An Air Force F-15E flew a show of force while providing overwatch to a coalition convoy to discourage an enemy attack as the vehicles passed through Ghazni. The aircraft remained overhead until the convoy safely reached its destination.

Navy Super Hornets performed shows of force over Balocan and Now Zad during coalition operations in those areas. The maneuvers succeeded in deterring enemy forces from taking action while coalition ground troops achieved their objectives.

Joint terminal attack controllers assigned to coalition units verified the success of these missions.

In total, 78 close-air-support missions were flown in support of the ISAF and Afghan security forces, reconstruction activities and route patrols.

Thirteen Air Force intelligence, surveillance and reconnaissance aircraft flew missions as part of operations in Afghanistan. In addition, four Navy and coalition aircraft performed tactical reconnaissance.

In Iraq, coalition aircraft flew 32 close-air-support missions for Operation Iraqi Freedom. These missions integrated and synchronized with coalition ground forces, protected key infrastructure, provided overwatch for reconstruction activities, and helped to deter and disrupt hostile activities.

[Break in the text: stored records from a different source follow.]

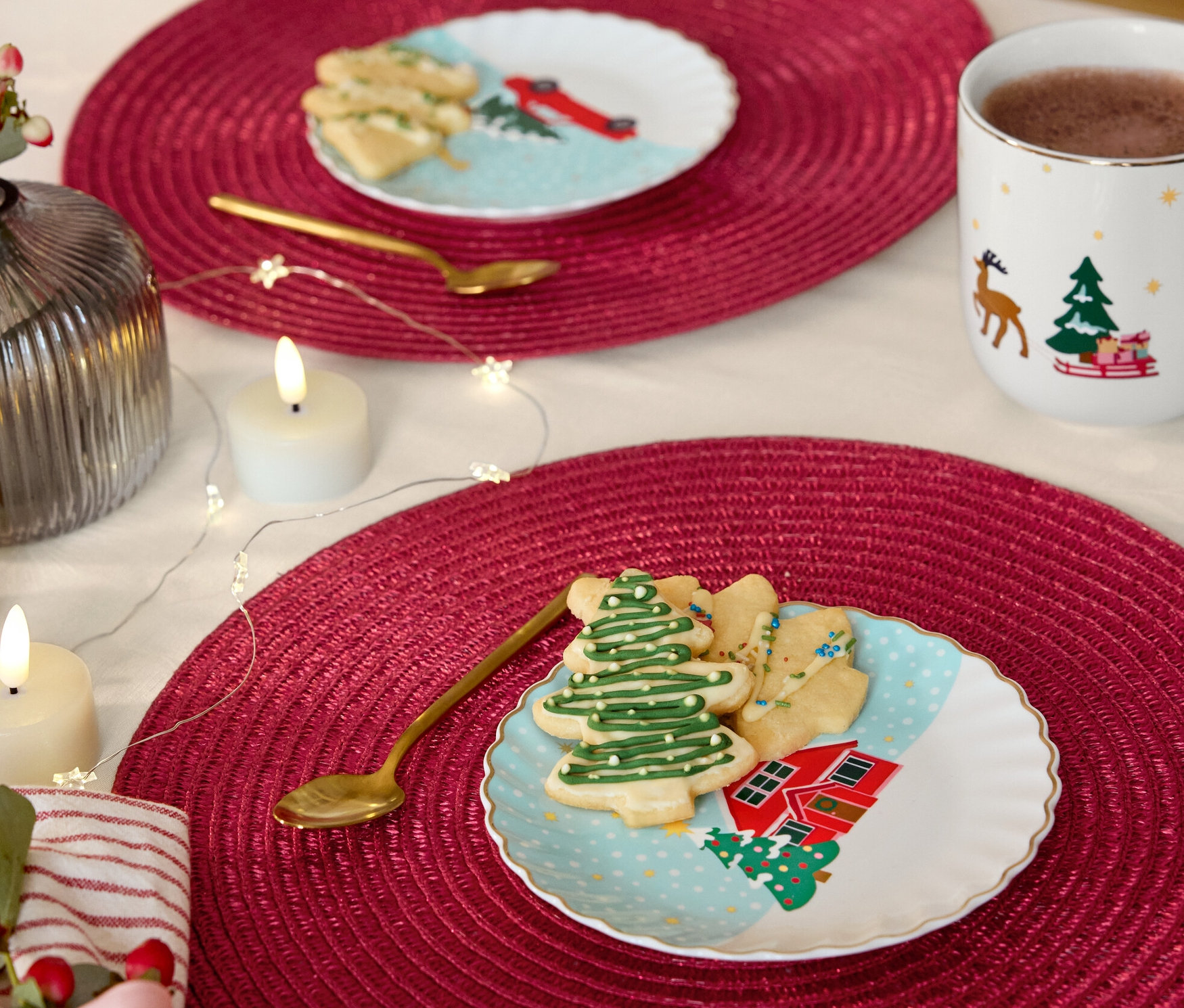 Dwa stoły z czerwonymi podkładkami, na nich talerzyki deserowe ze złotą dekoracją, foremki do ciastek i złote łyżeczki.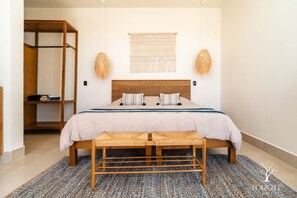 A bedroom with a wooden bed, two pillows, a woven bench, a macramé wall hanging, and a wardrobe.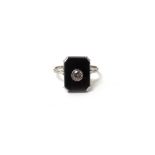 A diamond and black onyx ring,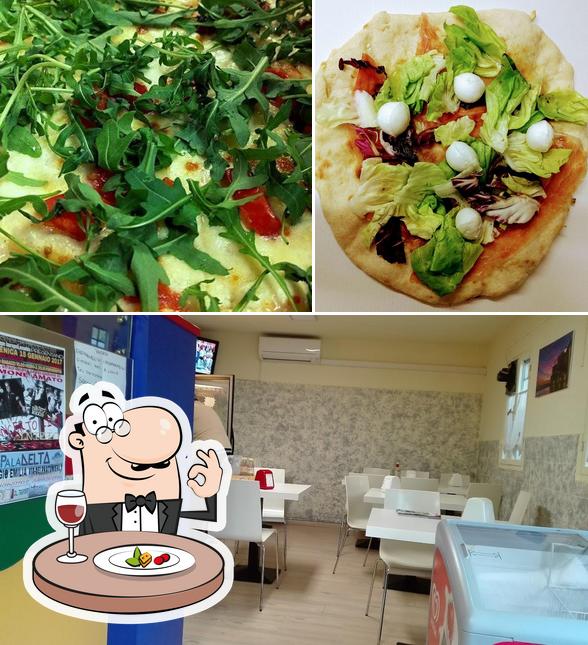 Dai un’occhiata alla foto che mostra la cibo e interni di Pizzeria L'Angolo Della Pizza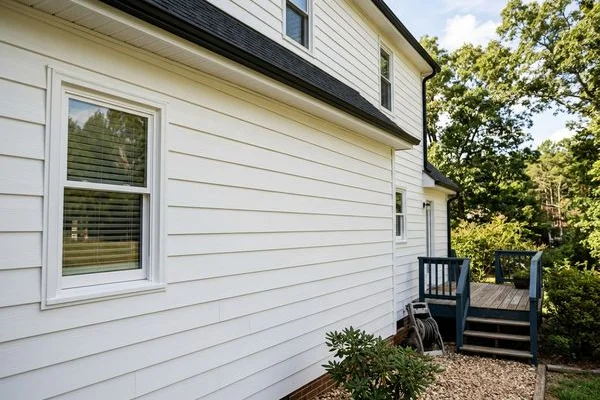 Vinyl siding restored after soft-wash house washing in Raleigh NC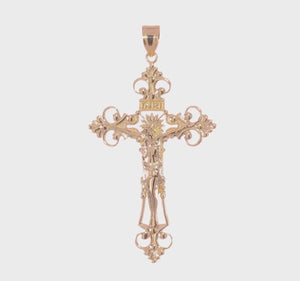 Video of the large gold INRI fleur de lis crucifix pendant turning in the light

Twenty-three Air Force and Navy ISR aircraft flew missions as part of operations in Iraq. In addition, four Air Force and coalition aircraft performed tactical reconnaissance.
Air Force C-130 Hercules aircraft and C-17 Globemaster IIIs provided intra-theater heavy airlift, helping to sustain operations throughout Afghanistan, Iraq, and the Horn of Africa.

Approximately 150 airlift sorties were flown; more than 550 tons of cargo was delivered; and about 2,750 passengers were transported.

Coalition C-130 crews flew as part of operations in Afghanistan or Iraq.

On March 18, Air Force tankers flew 50 sorties and off-loaded approximately 3.2 million pounds of fuel to 277 receiving aircraft.